A more light-hearted look at recycling in another time and place might be a good idea. Recycling is, of course, not new to our age today. I remember a time some 60 years ago when people had to be resourceful and find new applications for things that had outlived their original usefulness. This was part of our common survival strategy. This was long before I crossed to the enlightened shores of North America. This was when I still lived on the dark side, in post-war Germany.
The year was 1946 and refugees from the lost eastern German territories were flooding across the border between east and west. One of those refugees lived on the second floor of our house in one of our guest rooms. His name was Hans Spiess (pronounced shpees) and he came from some place in Czechoslovakia or as he called it, the Protectorate. He was a heavy smoker and he was suffering, because cigarettes were a luxury and he didn’t have any. This was also in the days before filters were the norm. His fingers were nicotine-stained and he held his cigarettes in a very peculiar way between his thumb and forefinger of his right hand, with the burning end up. To take a puff, this meant that he had to twist his hand awkwardly, palm up. It looked odd, foreign, to us. He spent his days crouched behind his second floor window, watching the proceedings in the street below, a pair of army-issue binoculars at his side, particularly when there were American soldiers about, who were known as great wastrels as well as benefactors. They would light a cigarette, take a couple of hits and toss it on the ground.

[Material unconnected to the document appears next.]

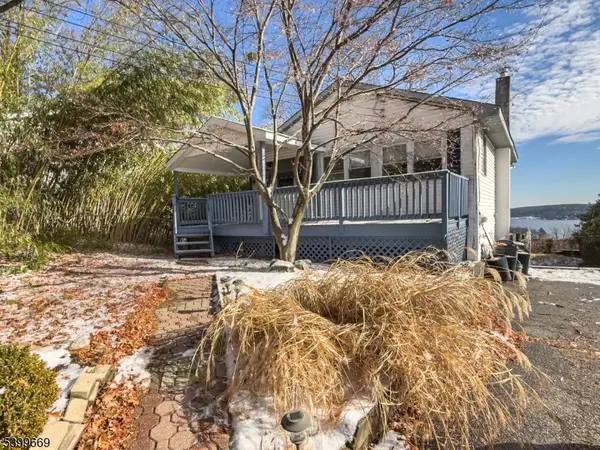 207 Dupont Ave, Hopatcong Boro, NJ 07843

When that happened, Herr Spiess would rush downstairs and out into the street to where the treasure had been carelessly flicked. He didn’t like Americans and thought of them as slackers. He didn’t want to give them the satisfaction of knowing that he was after their half-smoked stubs. He also didn’t want to let those butts burn uselessly down to the end on the ground. Speed was of the essence. So, to camouflage his true intentions, he had worked a short darning needle into the heel of his boot with its pointed end protruding in back. He would quick-march over to where the errant smoke lay in the dirt, surreptitiously spike it with his boot-heel needle as he walked past, bring his heel up to where he could reach it with his hands without bending over too much, palm the butt, put out the embers and return to his lair. You had to give him credit; he was pretty good at this maneuver. However, his hands were always covered with plasters, where he’d stuck himself with his cigarette-butt-retrieval-needle. In the evening, he would sit down with his stash of half-smoked cigarette butts, meticulously strip them and roll them into thin new cigarettes. Sometimes, there was enough for quite a few of his recycled hand-rolled smokes. He figured five normal sized American butts equaled one new cigarette. He never shared with anyone and guarded his stash jealously.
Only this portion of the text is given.